Das ist eine wirklich gut durchdachte Form des nachhaltigen Protestierens: laut, wirkungsstark, originell, gewaltfrei und in der Sache glasklar. Ein ernstzunehmendes Nein zum Investoreneinstieg bei der DFL! Was die DFL-Oberen um Hans-Joachim Watzke in einem Handstreich erledigen wollten, hat sich in den zurückliegenden Wochen zu einem sport- und gesellschaftspolitischen Problem-Thema entwickelt.
Weshalb wollen die Bosse einer milliardenschweren Branche die Zukunft des Profifußballs auf Pump und in Abhängigkeit von den Interessen eines international agierenden Investors absichern? Was geschieht mit den Milliarden, die Jahr für Jahr aus TV-Geldern, Sponsorings und anderen Marketinginstrumenten in die DFL und die Bundesliga hineinfließen? Zeugt dieser Deal von wirtschaftlicher Vernunft? Oder erinnert das Prozedere an die maßlose Geldgier eines Business, in dem man Gefahr läuft, alle anderen Werte des Sports zu opfern und zu verkaufen?
Möglicherweise liegt die Wahrheit irgendwo dazwischen. Aber die DFL hat in Sachen Kommunikation einen grottenschlechten Job gemacht. Nach der ersten Abstimmung im Mai, in der die notwendige Mehrheit verfehlt wurde, war die Investorenidee eigentlich vom Tisch. Deshalb wurde auch die übereilt einberufene zweite Abstimmung im Spätherbst von den Fans als Frontalangriff auf die guten Sitten aufgefasst.
Vollends nachvollziehbar, denn das knappe Abstimmungsergebnis ließ sich nur mithilfe eines billigen Taschenspielertricks herbeiführen. Obwohl die Wahlmänner der 36 Bundesligaklubs an die öffentlich bekannten Weisungen ihrer Vereine (und deren Mitglieder) gebunden waren, ließ die DFL geheim abstimmen. Mit fatalen Folgen, denn nun steht Martin Kind von Hannover 96 im (sehr gut begründeten) Verdacht, als Zünglein an der Waage gegen diese Weisung des Stammvereins verstoßen zu haben.

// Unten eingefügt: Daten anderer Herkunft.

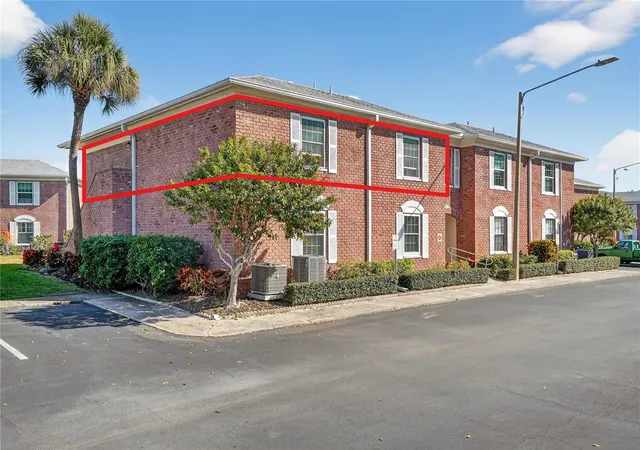 Photo 2 of Condo for sale at 3910 37th Street S #39, Saint Petersburg, FL 33711 | MLS# TB8559582 | Listing updated on 2026-10-22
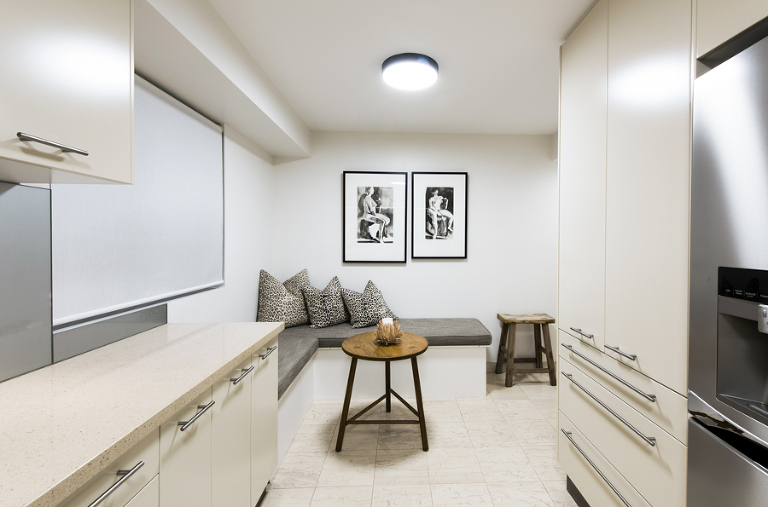 airbnb photography for Noosa penthouse apartment, stays style photography for executive penthouse apartment, Interior design photographer phill jackson Noosa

Statt gegen den Deal zu stimmen, verfolgt er offensichtlich eigene Interessen, weshalb die Fußballöffentlichkeit einen Verstoß gegen das 50-plus-1-Prinzip – also gegen die demokratisch verfasste Garantie der Mitgliederbestimmung – wahrnimmt. Die DFL-Führung würde aus dieser Zwickmühle nur mit einem massiven Gesichtsverlust herauskommen. Wahrscheinlich müssten sogar Ämter aufgegeben werden.
Deshalb wird man in der Chefetage stur bleiben, allerhöchstens Symbolpolitik betreiben und irgendwelche halbgaren Gespräche anbieten, die keine Option für die Lösung des Problems beinhalten. Damit ist der Konflikt vorerst konserviert, die Lage wird weiter eskalieren und wir werden in den kommenden Monaten einen Spielabbruch erleben.
Die Zeit spielt für die Fans, denn es gelingt ihnen für das Problem, das sich hinter den Protesten verbirgt, zu sensibilisieren und zunehmend Verständnis für ihre Protestaktionen zu gewinnen. In der kommenden Woche veröffentlichen wir an der Uni Würzburg eine repräsentative Studie, die wir gemeinsam mit den Meinungsforschern von Fan Q durchgeführt haben.
Die Ergebnisse haben es in sich: Mehr als 75 Prozent der befragten Fußballfans finden den Protest vom letzten Spieltag gut oder sehr gut! Gleichzeitig glauben ebenfalls 75 Prozent der Befragten, dass die Proteste keinen Einfluss auf die Entscheidungen der DFL haben werden.
Die Ergebnisse lassen für die Zukunft zweierlei erwarten. Erstens: Der Protest wird in der fußballinteressierten Öffentlichkeit weiter an Zustimmung gewinnen. Die Pfiffe aus der Kurve werden mehr und der Rückhalt für die Protestaktionen wird breiter. Zweitens: Die Schärfe der Proteste wird zunehmen, denn noch traut man den DFL-Oberen nicht zu, irgendeine tragfähige Lösung des selbst verbockten Problems herbeizuführen.
Mein Rat an die DFL-Spitze: Auch wenn es weh tut. Zeigt euch demütig, gebt den Fehler zu, überdenkt das ganze Verfahren nochmal neu und macht ernstzunehmende Gesprächsangebote. Alles andere mündet in Eskalation!